Background: Lack of information on technology Acceptance of Social Assistant robots (SARs) limits the application of robots in the elderly care sector. Currently, no study has not reported a robot acceptance assessment tool in China. Purpose: The current study aimed to translate the Almere Technology Acceptance Questionnaire (ATAQ) from English to Mandarin Chinese, perform cross-cultural adaptations, and to evaluate its psychometric properties among elderly people in China. Methods: This study was conducted in two phases. Phase 1 comprised the context relevance evaluation, instrument translation, and cultural adaption from English to Mandarin Chinese. Phase 2 involved a quantitative cross-sectional survey of psychometric testing among 317 elderly Chinese, including reliability and evaluation of construct validity.

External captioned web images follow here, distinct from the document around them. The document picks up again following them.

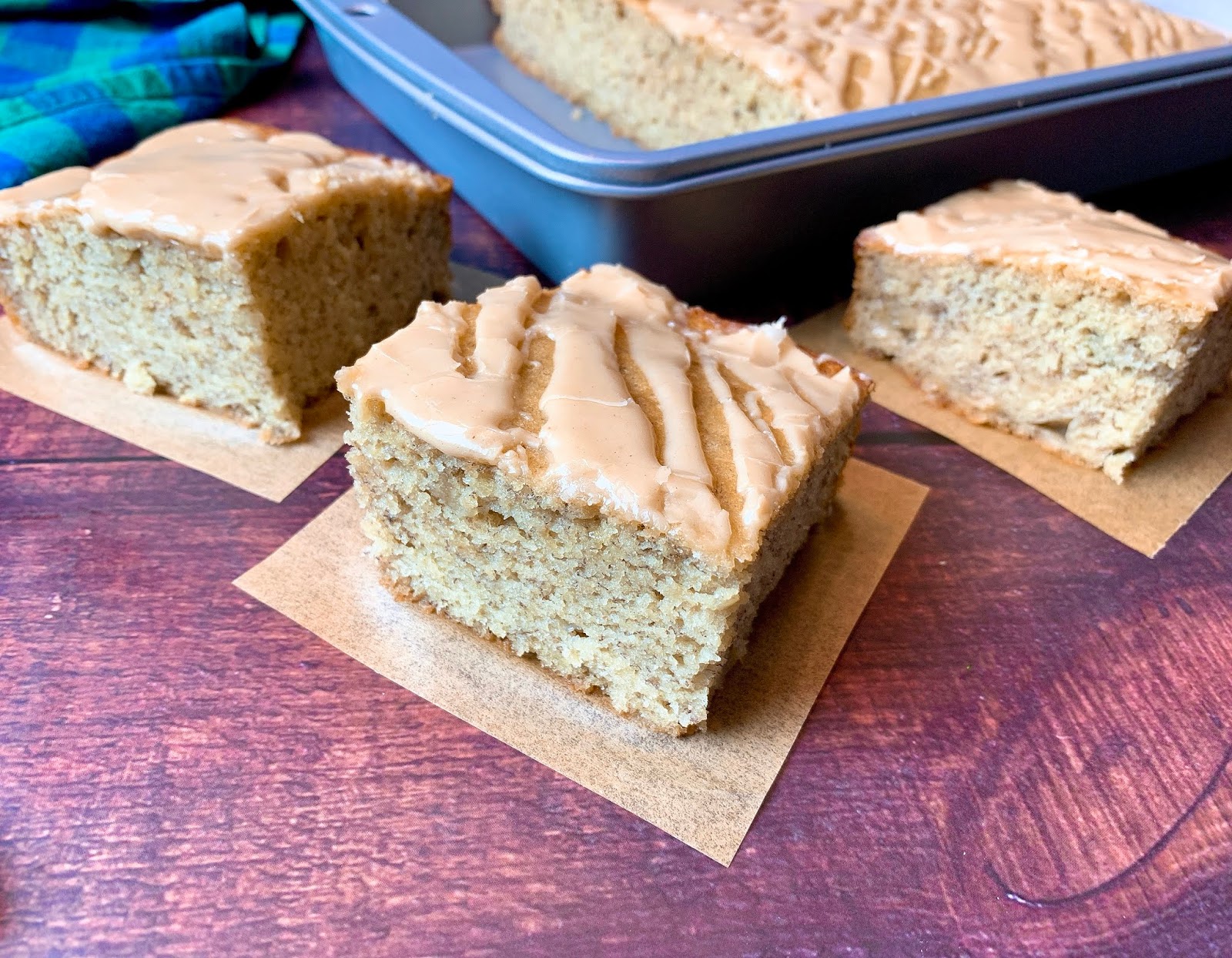 AppleBanana Cake with Peanut Butter Glaze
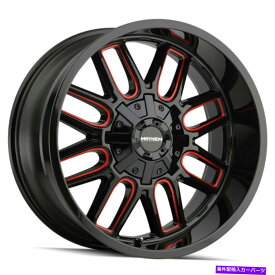 ホイール　4本セット 17x9 Mayhem 8107 Cogent 6x135/6x5.5 -12ブラックレッドホイールリムセット（4）106 17x9 Mayhem 8107 Cogent 6x135/6x5.5 -12 Black Red Wheels Rims Set(4) 106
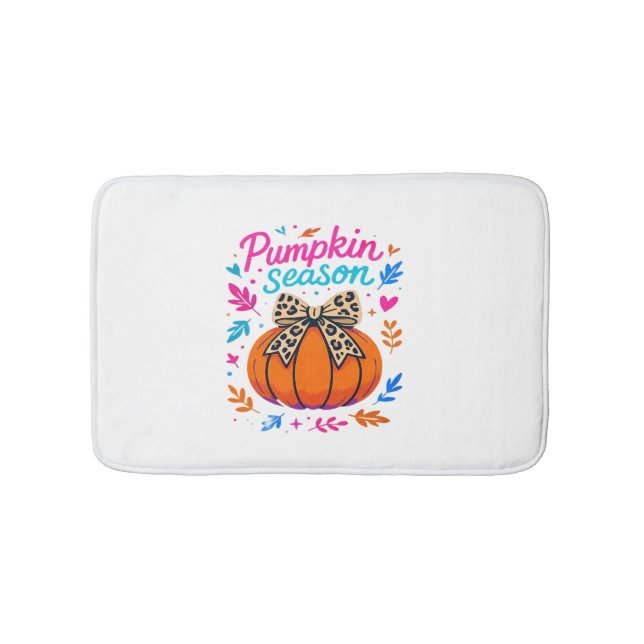 Pumpkin Season Leopard Bow Design – Cute Fall Aest Bath Mat (Front)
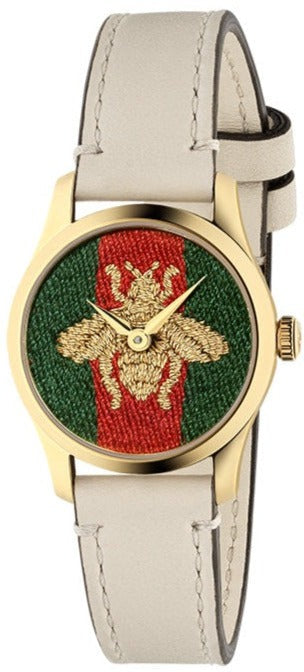 G-Timeless 29mm watch with gold case and embroidered bee on green and red dial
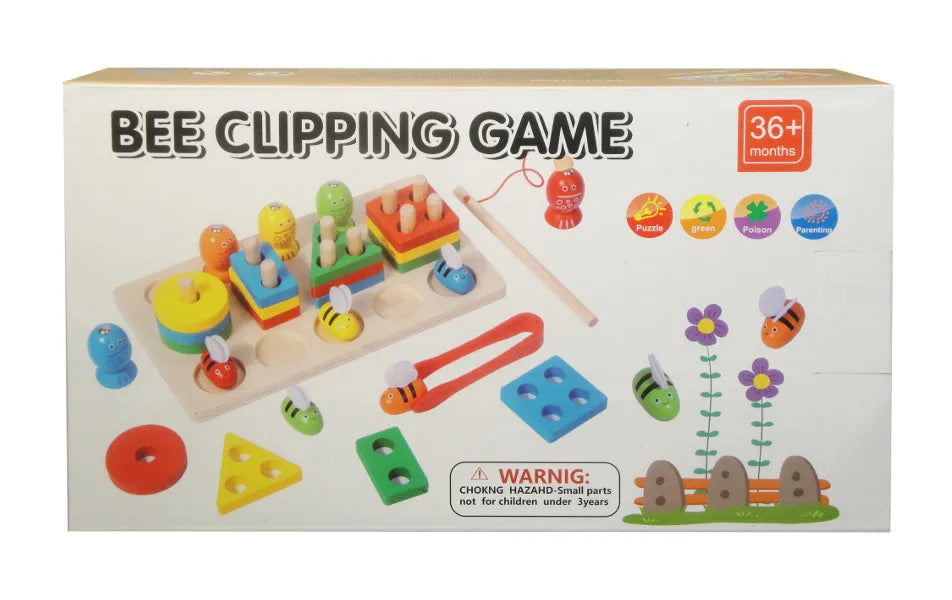 3in1 Wooden Toddlers Bee Clipping Game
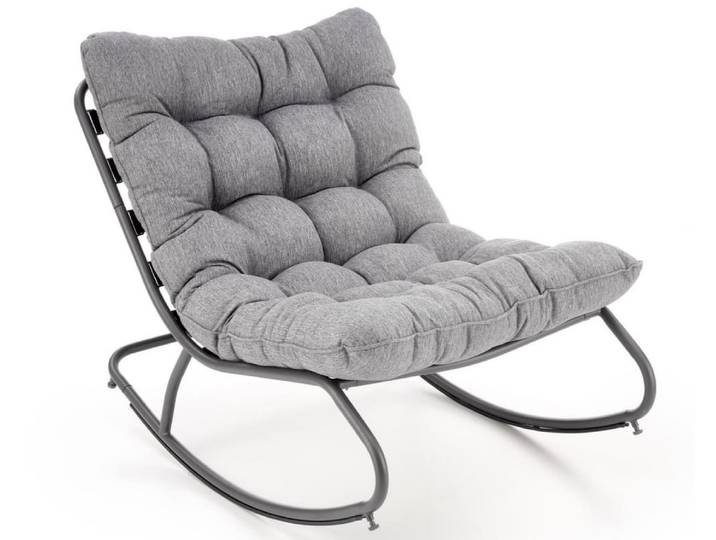 Rocking chair design avec coussin en tissu de polyester gris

Results:In Phase 1, the Context Relevance Index of all items was rated "3 = relevant" or "4 = totally relevant", and the Translation Validity Index of the 100% items of the ATAQ was rated 3 or 4. The ATAQ-Chinese questionnaire comprised 30 items. In Phase 2, all items of the ATAQ-Chinese questionnaire had a CR above 3 (P<0.001). Correlation coefficients of entries in the current study ranged from 0.403 to 0.763 (P<0.001). Nine factors were extracted through Exploratory Factor Analysis, and the cumulative variance contribution rate was 77.175%. Confirmatory Factor Analysis showed that the model had a good fit (χ 2 /df=2.006, RMSEA=0.069, RMR=0.059, GFI=0.816, IFI=0.913, TLI=0.896, CFI=0.912). The content validity index was 0.92 indicating that all questions were relevant. The value of Cronbach's alpha coefficient showed high validity (α= 0.945, 0.664-0.891). The test-retest reliability coefficient was 0.980, indicating that the tool was reliable.
Conclusion:The Chinese version of ATAQ has good reliability and validity, and it is an acceptable, reliable, and valid tool for determining technology acceptance of Social assistant robots in older adults.